- Born: August 7, 1968 (age 57) Bechtelsville, Pennsylvania, U.S.

Modified racing career
- Debut season: 1988
- Car number: 357
- Championships: 22
- Wins: 220+

Previous series
- 1977-1987 Wins: Kart racing 200+

Championship titles
- 2008, 2009, 2011, 2018 NASCAR Pennsylvania State Champion 2005 Race of Champions Dirt Modified Tour (South) 2004 Mr. Dirt 358 Southeast Region Champion

= Jeff Strunk =

American Dirt Modified racing driver (born 1968)

Jeff Strunk (August 7, 1968) is an American Dirt Modified racing driver, credited with over 220 career wins at tracks in the Mid-Atlantic (United States).

==Racing career==
Strunk grew up a half mile from the Grandview Speedway in Bechtelsville, Pennsylvania, and began racing go-karts at the age of nine. After more than 200 national victories, he made the jump to modifieds in 1988.

Strunk won the first of four NASCAR Pennsylvania state championships in 2008. Along the way, he claimed track championships at the Pennsylvania venues of Big Diamond Speedway in Pottsville, Grandview, Penn National Speedway in Grantville, and Susquehanna Speedway in York.

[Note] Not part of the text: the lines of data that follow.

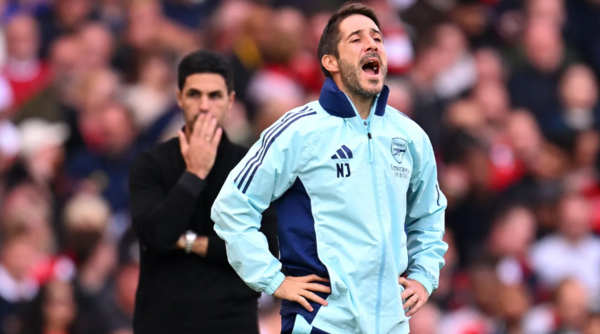 니콜라스 조버 아스널 세트피스 코치(오른쪽). 잉글랜드 프리미어리그 홈페이지 캡처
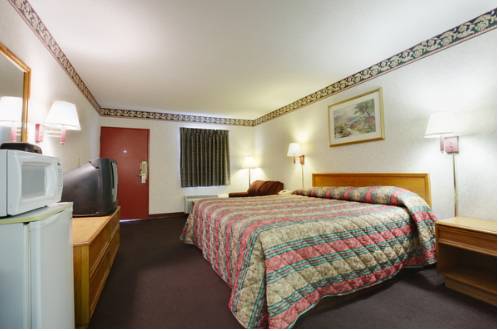 Imagen de la habitación del Hotel Americas Best Value Inn and Suites Macon At Eisenhower Pkwy. Foto 7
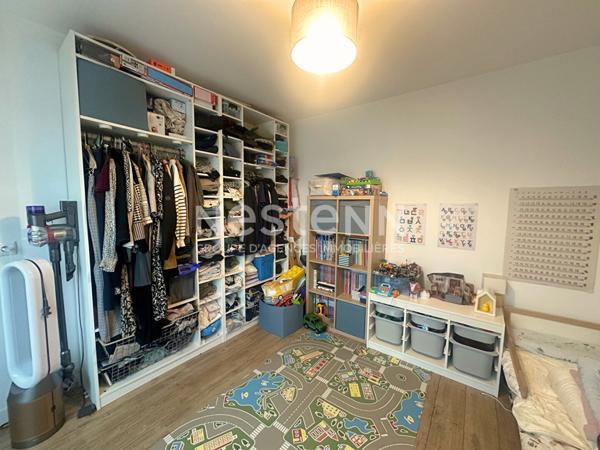 Appartement 2P 47 m2 immeuble récent Ecole vétérinaire avec parking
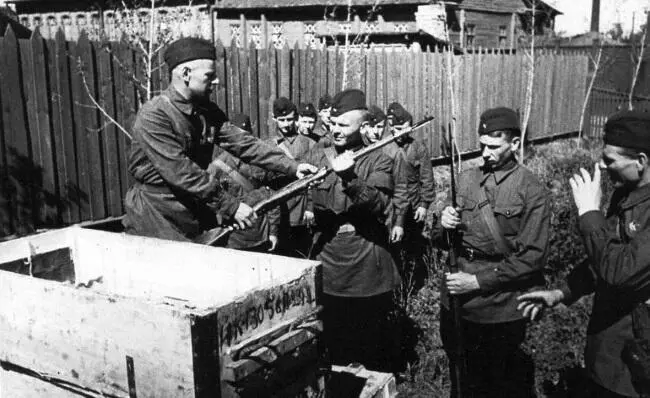 Ополчение кировский завод июль 1941 г К 20 июля удалось привести в - фото 16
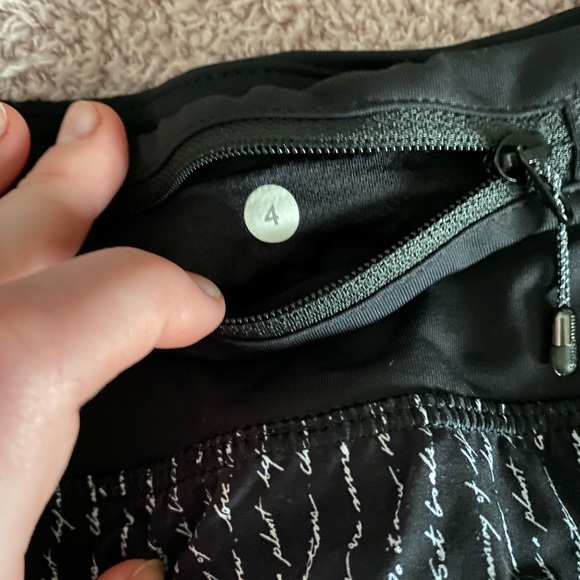 lululemon speed up shorts - Picture 2 of 4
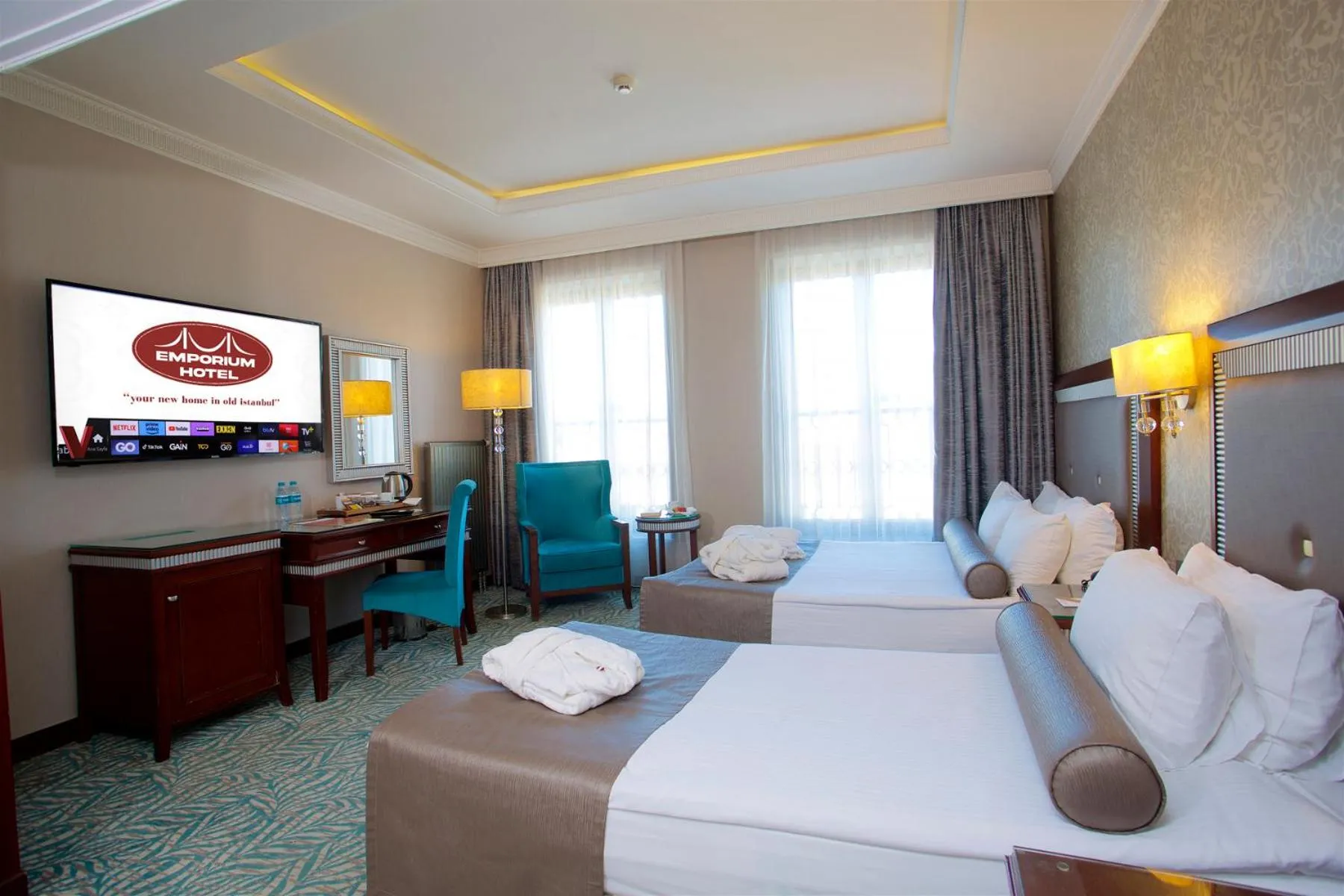 TV and multimedia, Bed in Emporium Hotel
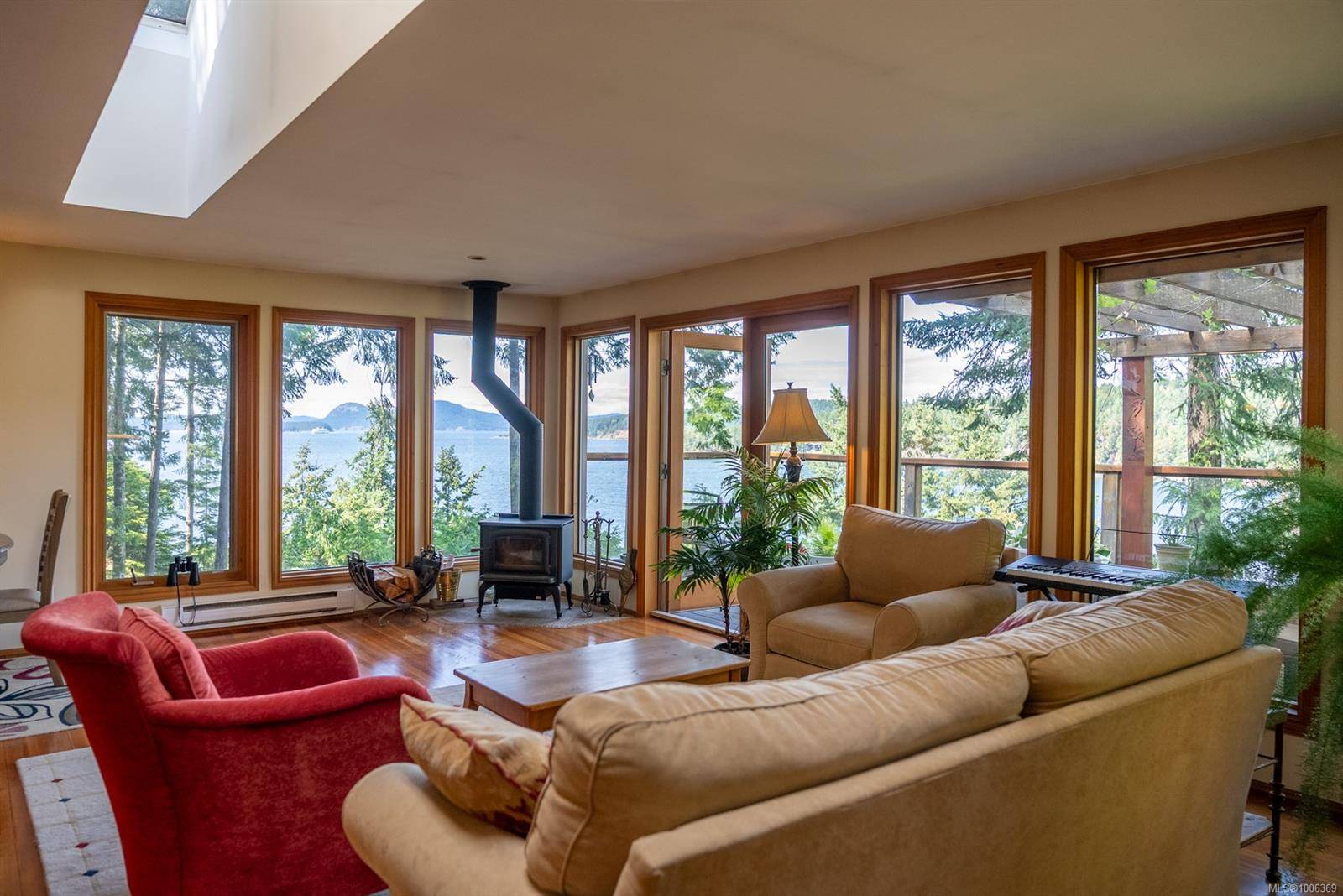 Pender Island, BC V0N 2M2,1616 Schooner Way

Strunk also competed successfully at venues throughout the northeast, including Pennsylvania venues Bloomsburg Fair Raceway, Penn Can Speedway in Susquehanna, and Selinsgrove Speedway; Bridgeport Speedway and New Egypt Speedway in New Jersey; Five Mile Point Speedway in Kirkwood New York; and Georgetown Speedway, Delaware.